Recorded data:
=== Section Start ===

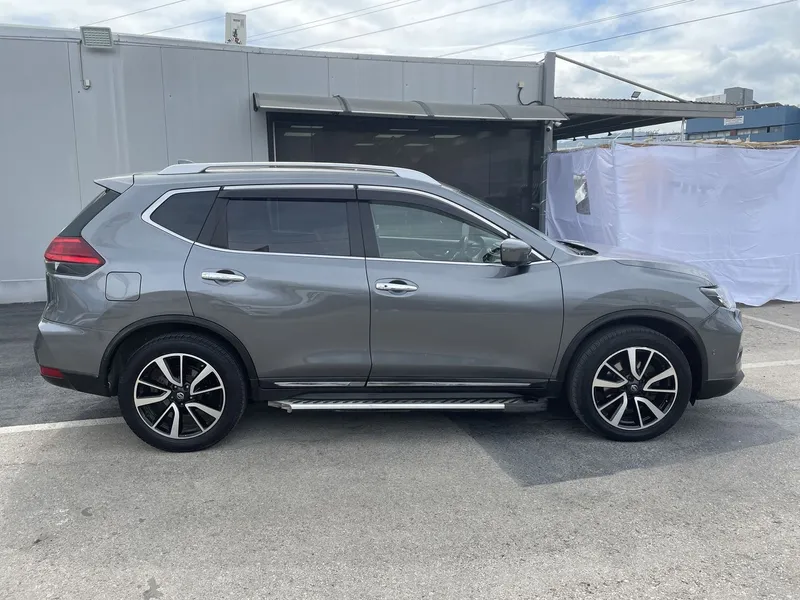 Nissan X-Trail 2ème main, 2018, main privée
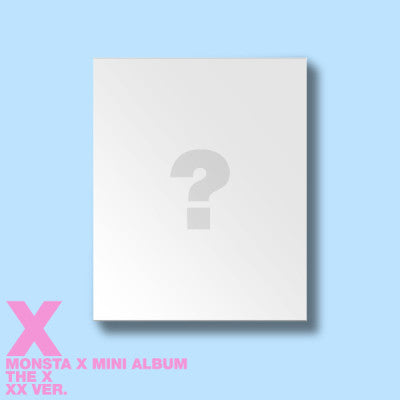 (ONE) MONSTA X MINI ALBUM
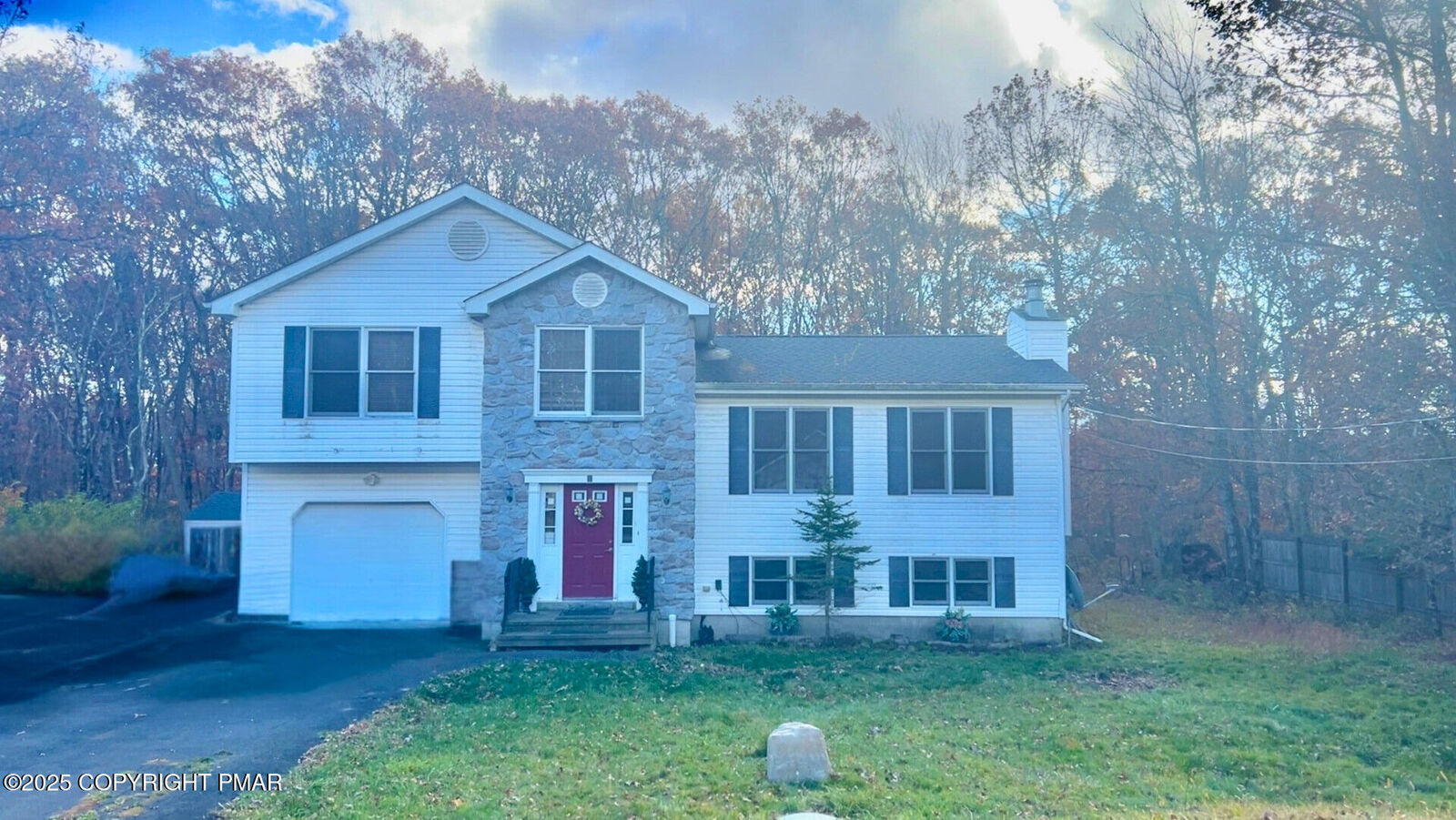 Property Photo:  349 Butz Lane  PA 18355 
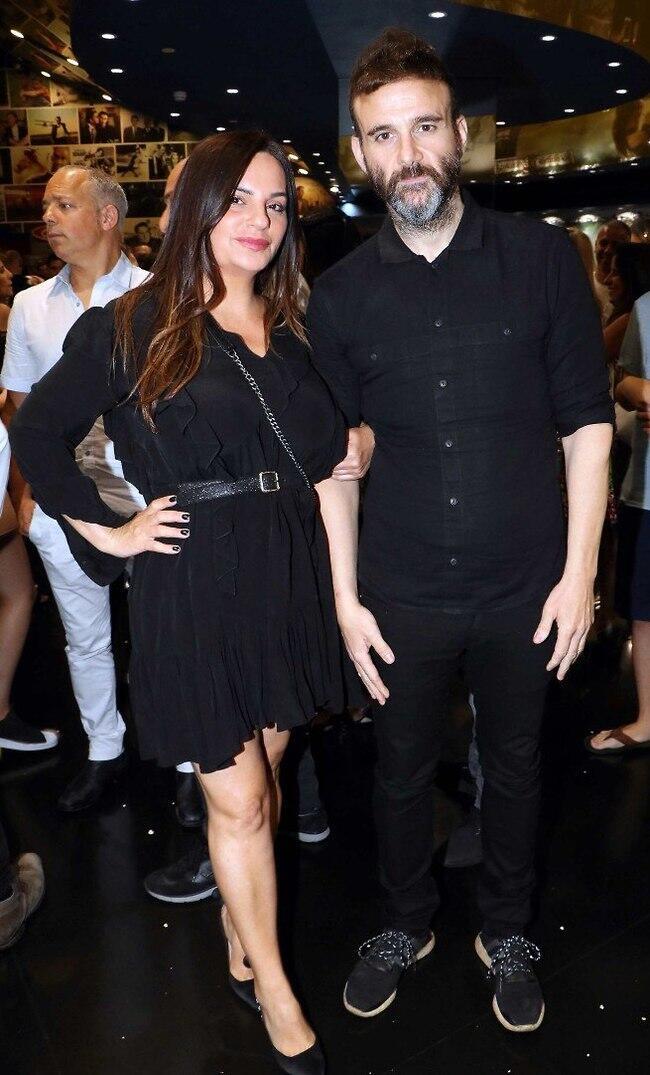 ברלד הולך ונעלם יחד עם אופירה אסייג (צילום: אמיר מאירי) ברלד הולך ונעלם יחד עם אופירה אסייג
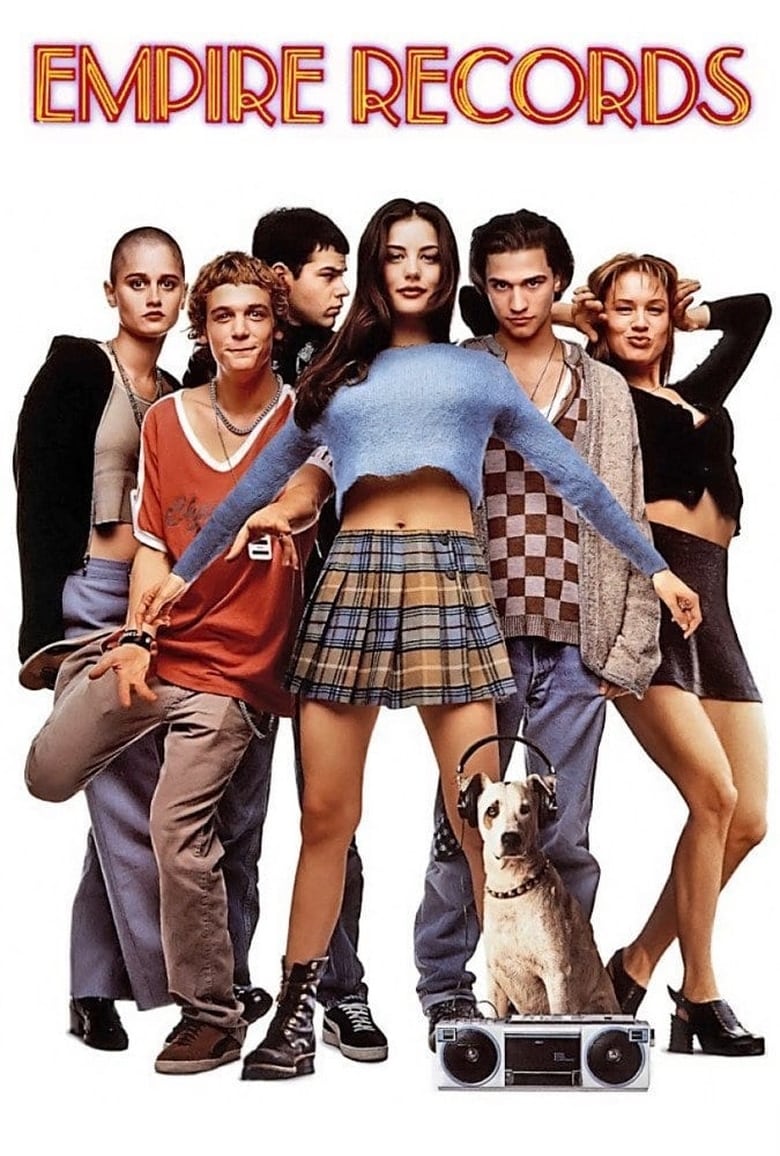 فيلم Empire Records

=== Section End ===

WHAT THE TASK REQUIRES:
Reproduce verbatim, and only, the lines starting at the one that contains "ברלד הולך ונעלם יחד עם אופירה אסייג (צילום: אמיר" and ending with the final line of the records; leave out the pictures.

ANSWER TO THE PROBLEM:
 ברלד הולך ונעלם יחד עם אופירה אסייג (צילום: אמיר מאירי) ברלד הולך ונעלם יחד עם אופירה אסייג
 فيلم Empire Records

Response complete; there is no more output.